Augustin lit les inscriptions : " Enfants de Reims tombés au champ d'honneur ... que ce monument édifié par votre ville meurtrie exprime à jamais son deuil et sa fierté ". Hum... mais pourquoi ils l'ont construit ici ? C'est un professeur d'Histoire qui me pourrait me le dire Je vais appeler celui qui m'a été conseillé ici : Jean-François Boulanger... (il compose un numéro)
Son des années 30, style " Actualités "
Louis Pastré : le 1er juin 1930, j'étais avec le Cardinal Luçon, invité moi aussi à l'inauguration du monument. Je vois encore un grand mutilé de la guerre, aidé par deux jeunes pupilles de la Nation. C'est lui qui a allumé la flamme du souvenir.
Et puis ce jour là, il y a aussi l'homme qui a réalisé les statues pour ce monument conçu par l'architecte Henri Royer. C'est Paul Lefebvre, statuaire rémois, qui a également travaillé pour le monument du Poilu du 132ème régiment.
Un monument déplacé puis installé aujourd'hui sur la place Léon Bourgeois près de la mairie.
Augustin : Le monument aux morts à Reims est installé là où bien avant la guerre, les habitants de Reims se sont opposés les uns aux autres. Par exemple à propos d'une croix de mission qui divise la ville avant de disparaître en 1830. C'est vraiment un lieu symbolique. Ah tiens, voilà Jean-François Boulanger, le professeur d'Histoire.

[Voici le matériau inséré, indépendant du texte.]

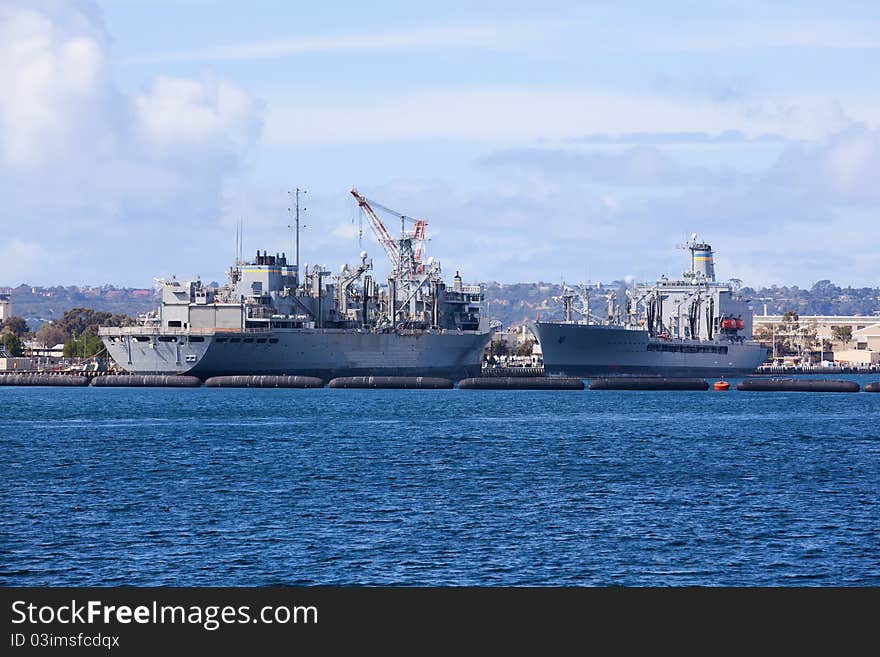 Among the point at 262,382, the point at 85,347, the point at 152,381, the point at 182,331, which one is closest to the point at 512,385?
the point at 262,382

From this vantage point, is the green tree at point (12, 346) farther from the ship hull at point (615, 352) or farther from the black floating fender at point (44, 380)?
the ship hull at point (615, 352)

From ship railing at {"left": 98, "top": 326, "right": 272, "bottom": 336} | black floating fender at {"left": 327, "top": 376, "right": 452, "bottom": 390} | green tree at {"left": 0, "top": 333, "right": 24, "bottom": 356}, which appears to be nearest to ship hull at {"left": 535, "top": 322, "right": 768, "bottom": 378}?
black floating fender at {"left": 327, "top": 376, "right": 452, "bottom": 390}

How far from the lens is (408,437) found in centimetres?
6291

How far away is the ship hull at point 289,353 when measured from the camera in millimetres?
119500

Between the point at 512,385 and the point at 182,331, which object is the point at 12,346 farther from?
the point at 512,385

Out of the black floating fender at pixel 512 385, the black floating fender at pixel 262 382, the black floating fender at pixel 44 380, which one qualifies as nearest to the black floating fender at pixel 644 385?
the black floating fender at pixel 512 385

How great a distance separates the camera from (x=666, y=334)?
154 meters

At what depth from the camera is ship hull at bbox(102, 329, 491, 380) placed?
120 metres

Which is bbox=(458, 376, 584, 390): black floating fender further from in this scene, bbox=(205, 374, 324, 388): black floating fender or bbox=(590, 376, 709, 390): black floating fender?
bbox=(205, 374, 324, 388): black floating fender

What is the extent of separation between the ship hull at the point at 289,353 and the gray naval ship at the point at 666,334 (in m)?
13.1

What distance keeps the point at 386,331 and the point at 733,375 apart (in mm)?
50015

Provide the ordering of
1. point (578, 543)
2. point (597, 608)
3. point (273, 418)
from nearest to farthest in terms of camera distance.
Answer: point (597, 608), point (578, 543), point (273, 418)

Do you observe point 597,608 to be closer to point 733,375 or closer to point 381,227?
point 381,227

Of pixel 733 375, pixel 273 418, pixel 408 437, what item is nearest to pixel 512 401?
pixel 273 418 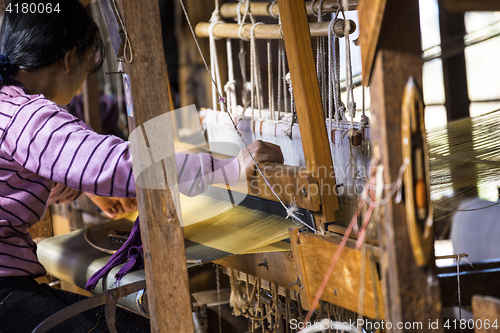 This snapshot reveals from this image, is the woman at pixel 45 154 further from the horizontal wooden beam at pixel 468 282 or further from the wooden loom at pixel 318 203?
the horizontal wooden beam at pixel 468 282

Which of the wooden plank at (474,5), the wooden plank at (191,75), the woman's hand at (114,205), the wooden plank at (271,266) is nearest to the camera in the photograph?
the wooden plank at (271,266)

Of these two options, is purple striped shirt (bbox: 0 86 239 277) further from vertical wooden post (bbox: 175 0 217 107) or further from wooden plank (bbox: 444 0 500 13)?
wooden plank (bbox: 444 0 500 13)

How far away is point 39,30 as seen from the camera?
139 centimetres

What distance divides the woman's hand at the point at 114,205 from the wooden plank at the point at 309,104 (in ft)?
3.98

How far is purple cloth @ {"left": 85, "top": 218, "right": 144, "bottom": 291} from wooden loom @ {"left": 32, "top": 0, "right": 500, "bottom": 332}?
1.19ft

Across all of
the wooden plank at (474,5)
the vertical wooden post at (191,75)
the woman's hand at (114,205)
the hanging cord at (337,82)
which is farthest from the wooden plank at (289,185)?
the wooden plank at (474,5)

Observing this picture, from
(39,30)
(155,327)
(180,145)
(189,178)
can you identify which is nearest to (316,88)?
(189,178)

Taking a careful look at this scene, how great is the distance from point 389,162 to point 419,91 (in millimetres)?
118

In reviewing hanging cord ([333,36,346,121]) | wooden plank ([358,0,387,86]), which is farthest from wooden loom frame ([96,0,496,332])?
hanging cord ([333,36,346,121])

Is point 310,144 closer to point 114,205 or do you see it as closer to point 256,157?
point 256,157

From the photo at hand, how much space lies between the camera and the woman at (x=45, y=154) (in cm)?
119

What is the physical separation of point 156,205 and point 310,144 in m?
0.41

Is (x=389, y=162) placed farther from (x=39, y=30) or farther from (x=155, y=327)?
(x=39, y=30)

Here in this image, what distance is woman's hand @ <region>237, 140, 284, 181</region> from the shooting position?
1315 millimetres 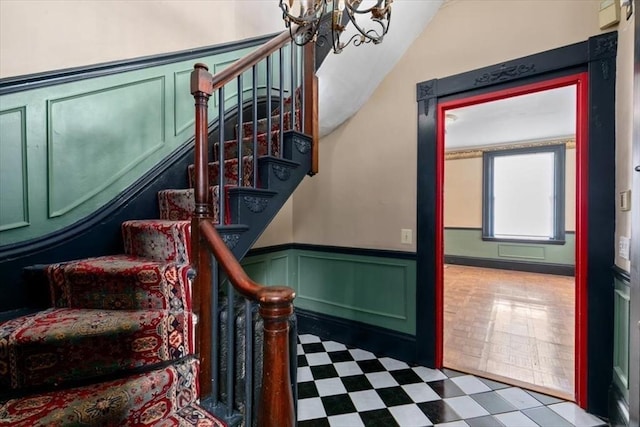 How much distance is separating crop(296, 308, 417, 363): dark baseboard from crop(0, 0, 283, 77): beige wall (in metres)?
2.53

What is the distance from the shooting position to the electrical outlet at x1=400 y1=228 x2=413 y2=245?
7.71 feet

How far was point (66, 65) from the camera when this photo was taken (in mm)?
1654

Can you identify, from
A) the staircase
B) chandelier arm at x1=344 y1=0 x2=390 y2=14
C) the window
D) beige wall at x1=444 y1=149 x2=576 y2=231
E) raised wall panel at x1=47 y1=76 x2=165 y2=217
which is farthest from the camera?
beige wall at x1=444 y1=149 x2=576 y2=231

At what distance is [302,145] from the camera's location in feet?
5.98

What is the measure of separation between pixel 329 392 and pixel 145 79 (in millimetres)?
2378

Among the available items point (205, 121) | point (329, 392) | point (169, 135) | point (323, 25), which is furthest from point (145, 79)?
point (329, 392)

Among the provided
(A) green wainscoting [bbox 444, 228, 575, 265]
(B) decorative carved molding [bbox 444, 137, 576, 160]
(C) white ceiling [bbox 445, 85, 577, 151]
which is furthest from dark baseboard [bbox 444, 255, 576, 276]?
(C) white ceiling [bbox 445, 85, 577, 151]

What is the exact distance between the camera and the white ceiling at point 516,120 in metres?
3.57

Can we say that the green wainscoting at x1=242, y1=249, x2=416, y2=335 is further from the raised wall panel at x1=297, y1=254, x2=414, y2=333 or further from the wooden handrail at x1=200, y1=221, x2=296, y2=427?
the wooden handrail at x1=200, y1=221, x2=296, y2=427

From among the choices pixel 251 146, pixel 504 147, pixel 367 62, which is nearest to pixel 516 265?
pixel 504 147

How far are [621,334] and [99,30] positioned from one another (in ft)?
11.3

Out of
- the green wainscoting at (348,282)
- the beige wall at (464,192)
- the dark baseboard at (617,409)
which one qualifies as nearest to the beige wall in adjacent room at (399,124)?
the green wainscoting at (348,282)

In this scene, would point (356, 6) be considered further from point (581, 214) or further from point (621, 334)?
point (621, 334)

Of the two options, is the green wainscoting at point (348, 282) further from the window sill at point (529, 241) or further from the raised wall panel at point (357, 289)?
the window sill at point (529, 241) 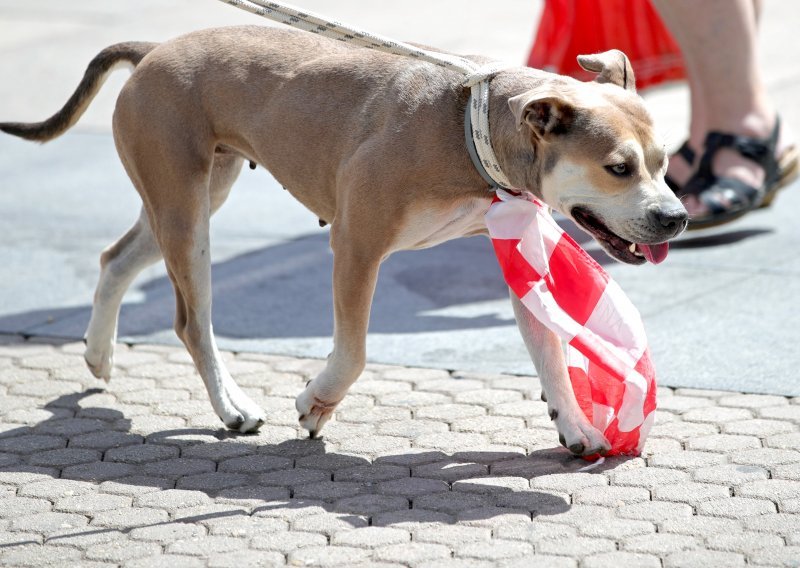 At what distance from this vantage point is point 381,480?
428 cm

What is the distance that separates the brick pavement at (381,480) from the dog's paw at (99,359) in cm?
10

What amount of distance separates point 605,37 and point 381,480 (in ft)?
15.6

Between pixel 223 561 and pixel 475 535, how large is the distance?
0.78 metres

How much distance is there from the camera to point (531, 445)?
14.9 feet

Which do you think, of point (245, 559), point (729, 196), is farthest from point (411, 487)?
point (729, 196)

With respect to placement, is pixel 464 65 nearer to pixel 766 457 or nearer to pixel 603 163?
pixel 603 163

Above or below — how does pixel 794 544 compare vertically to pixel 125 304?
above

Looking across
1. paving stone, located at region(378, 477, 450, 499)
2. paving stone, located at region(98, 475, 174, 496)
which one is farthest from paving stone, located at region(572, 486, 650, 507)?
paving stone, located at region(98, 475, 174, 496)

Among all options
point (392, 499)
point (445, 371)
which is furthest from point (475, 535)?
point (445, 371)

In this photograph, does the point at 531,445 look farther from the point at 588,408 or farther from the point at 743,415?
the point at 743,415

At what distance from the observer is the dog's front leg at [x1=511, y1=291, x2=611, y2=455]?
4.32 meters

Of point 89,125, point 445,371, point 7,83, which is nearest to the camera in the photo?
point 445,371

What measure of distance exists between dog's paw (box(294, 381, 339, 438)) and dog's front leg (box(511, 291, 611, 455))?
0.76 meters

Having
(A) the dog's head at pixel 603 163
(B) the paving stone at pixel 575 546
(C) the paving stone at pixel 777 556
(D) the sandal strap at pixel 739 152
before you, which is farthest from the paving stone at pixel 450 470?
(D) the sandal strap at pixel 739 152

Bonjour professeur... Dites moi, ce monument n'est pas là par hasard ?
Jean-François Boulanger : " En fait, on a choisi un lieu qui est un lieu qui dans l'Histoire Rémoise, compte beaucoup parce qu'il symbolise tous les affrontements que la ville de Reims a connus au 19ème siècle. L'Union sacrée bâtie dans les tranchées se poursuit dans le temps. C'est la décision de construire ce monument aux morts là ou avait été planté la croix de la mission, là ou elle avait été détruite, là ou on avait planté l'arbre de la Liberté et là on avait installé le buste du maire le plus anticlérical de France Charles Arnoux. Pendant longtemps elle s'est pas rassemblé à cet endroit là. Elle a au contraire cultivé le charme de la division. Reims est enfin unie. L'union sacrée s'est réalisée pendant la guerre. Ça se traduisait par le fait qu'on retrouvait le maire de Reims Jean-Baptiste Langlet et l'Archevêque de Reims, le cardinal Luçon dévoués à la même cause. Et désormais, leurs descendants politiques se retrouvent autour du même monument ".
Pendant la seconde guerre mondiale, le monument aux morts de Reims a été endommagé par les bombardements. Lors de sa rénovation, les dates de 1914 et 1918 ont été effacées. Aujourd'hui, l'édifice est éclairé le soir avec les trois couleurs du drapeau français.